Start of GIVEN INFORMATION
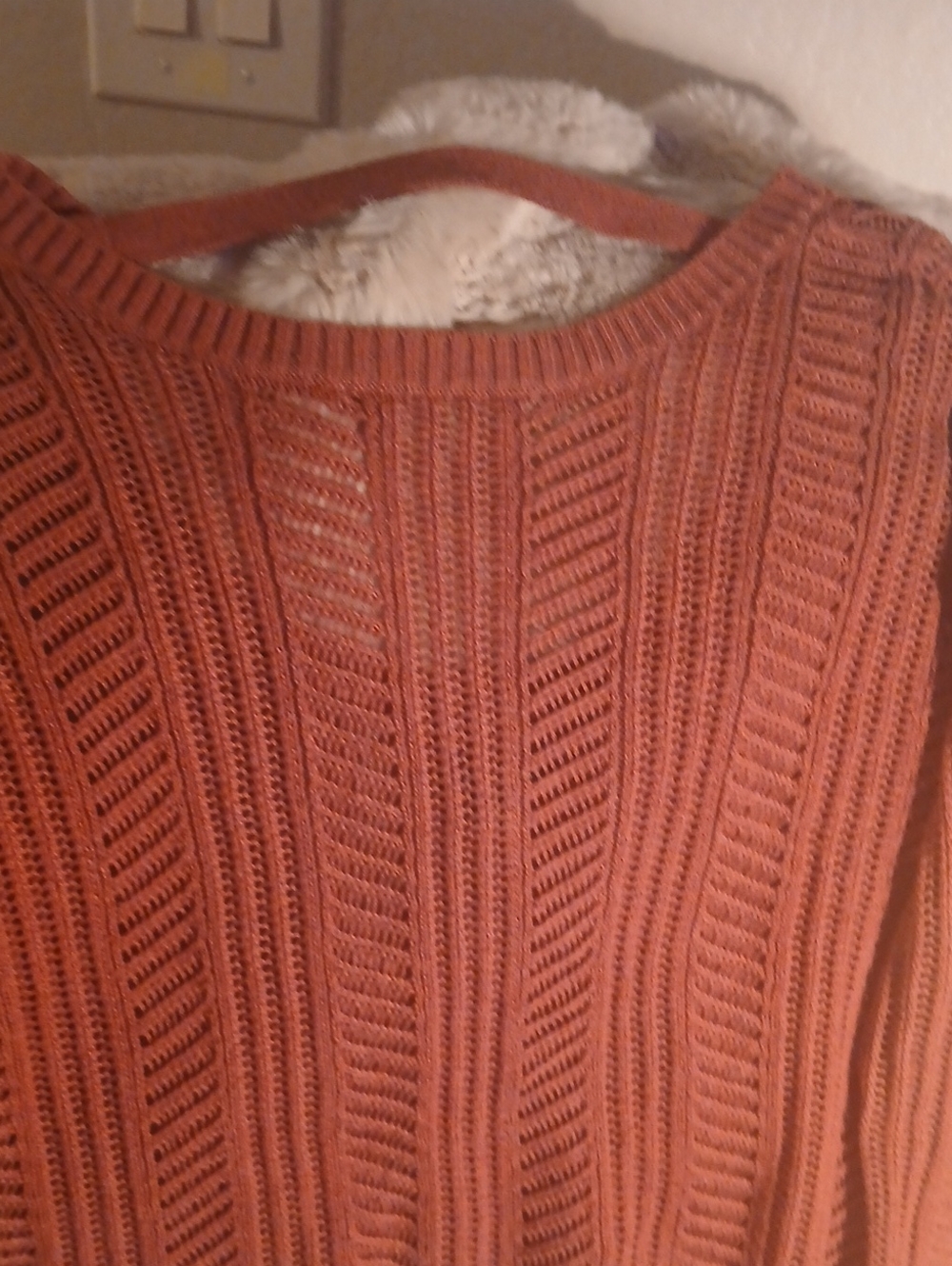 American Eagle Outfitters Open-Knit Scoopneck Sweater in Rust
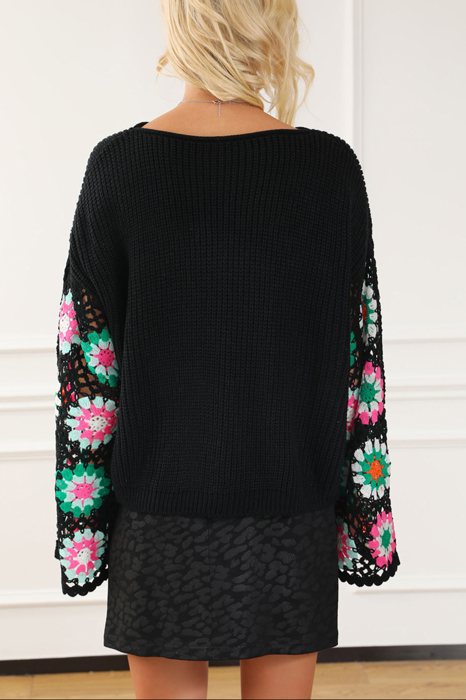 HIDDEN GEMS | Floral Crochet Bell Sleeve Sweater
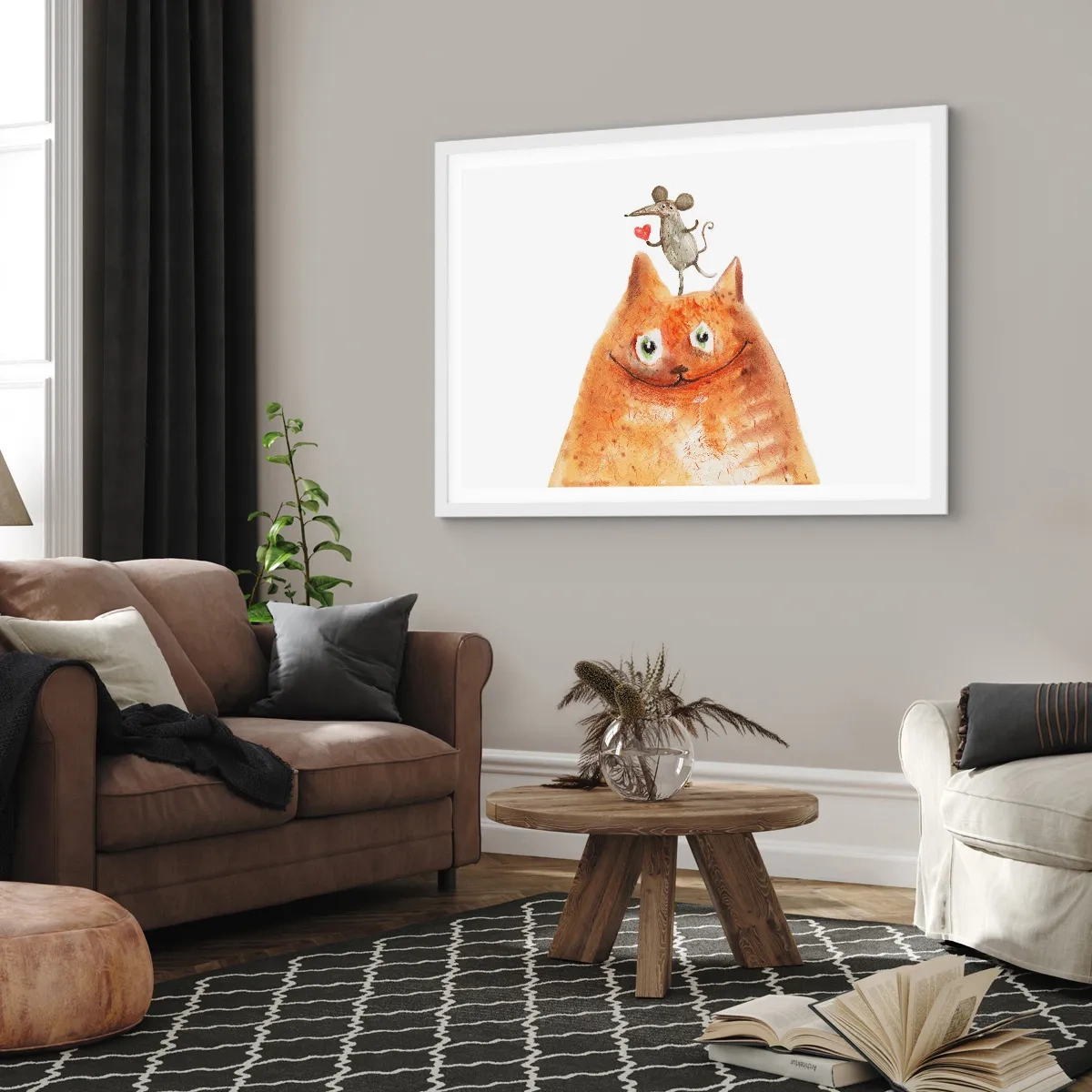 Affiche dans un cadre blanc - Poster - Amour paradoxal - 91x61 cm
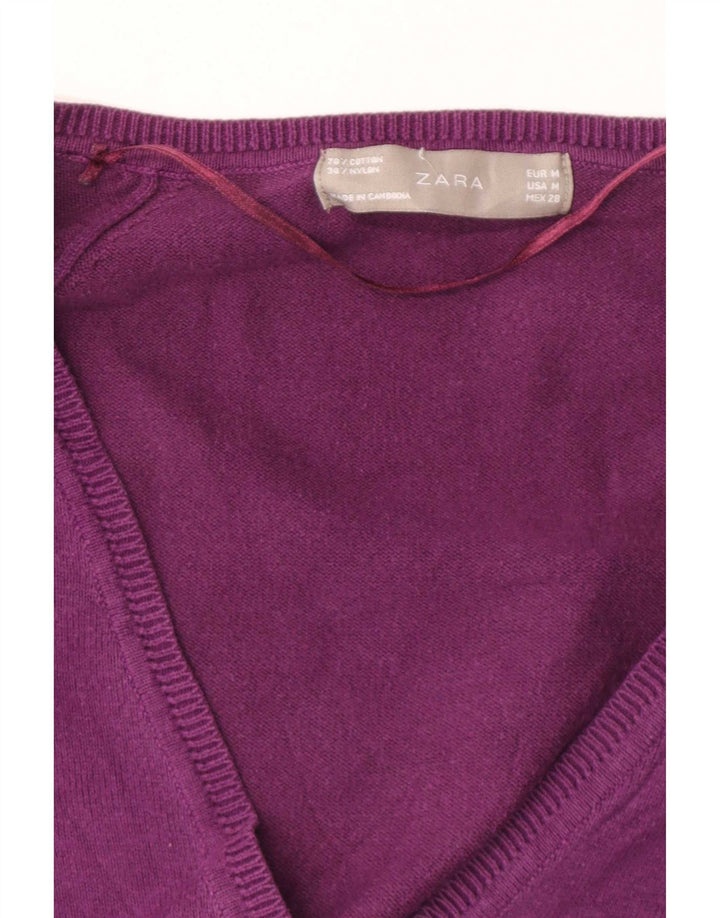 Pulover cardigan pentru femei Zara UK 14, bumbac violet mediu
End of GIVEN INFORMATION
§ WHAT IS EXPECTED: Give again the lines from the line that contains "HIDDEN GEMS |" through the last line of the material above, exactly and with both ends included. Omit the pictures.

§ RESPONSE FOR THIS EXERCISE:
 HIDDEN GEMS | Floral Crochet Bell Sleeve Sweater
 Affiche dans un cadre blanc - Poster - Amour paradoxal - 91x61 cm
 Pulover cardigan pentru femei Zara UK 14, bumbac violet mediu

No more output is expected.